La vraie faute de Villepin
"Il n'écoute rien..."
CPE : LA VRAIE FAUTE DE VILLEPIN
par Hervé Algalarrondo
Le Premier ministre a voulu imposer à la hussarde la « rupture » que son rival Nicolas Sarkozy promet pour 2007. Il a décidé sans concertation aucune une mesure que les jeunes, les syndicats et la gauche ne sont pas seuls à contester. Résultat : alors qu'il plonge dans les sondages, il se retrouve seul, ou presque.

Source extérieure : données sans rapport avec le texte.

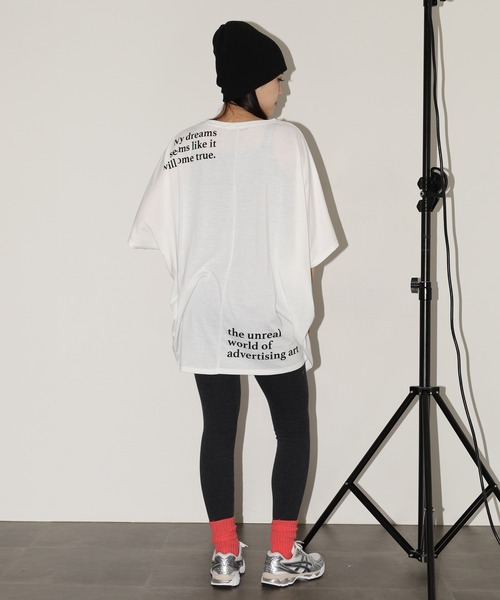 FUNALIVE(ファンアライブ)の「前後ロゴドルマンTチュニック 半端袖(Tシャツ/カットソー・レディース・ブラック/モカ/ホワイト・L)」の16枚目の写真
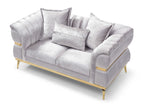 Eaton - Loveseat - Shiny Silver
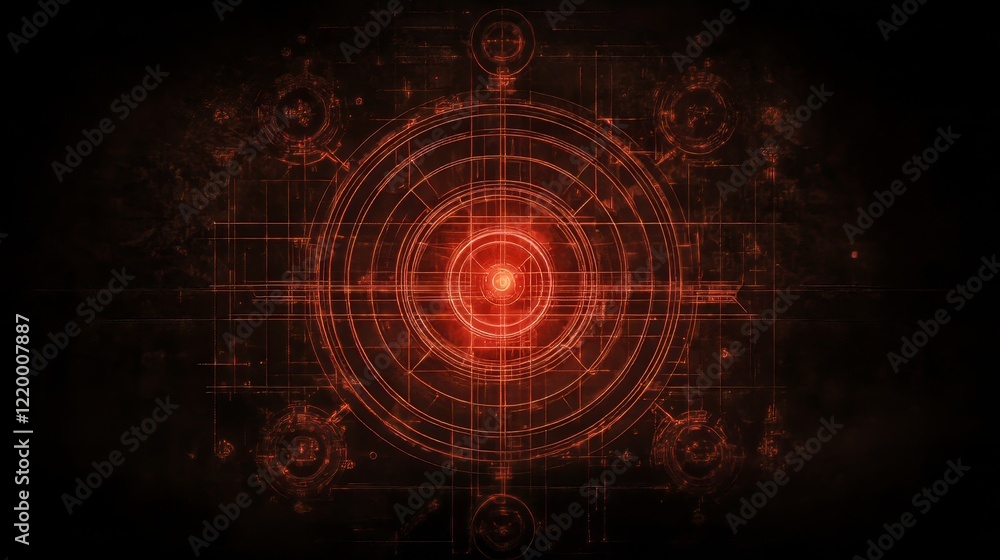 Obraz premium Abstract Red Glowing Circular Technological Design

Comment un Premier ministre fringant qui en arrivait presque, au début de l'année, à éclipser le président de la République a-t-il soudainement plongé dans les sondages, au point de se retrouver pratiquement aujourd'hui au niveau de confiance de Jean-Pierre Raffarin, son prédécesseur, qu'il a toujours pris pour un cave ? A Matignon, on ne cherche pas à finasser : «Il y a aujourd'hui un climat anxiogène, la grippe aviaire, le «Clemenceau», etc. Mais à 80%, c'est la conséquence du CPE.» D'où cette question subsidiaire posée par un député villepiniste : «Suffirait-il, en France, de s'attaquer au chômage des jeunes pour se retrouver en porte-à-faux avec l'opinion?»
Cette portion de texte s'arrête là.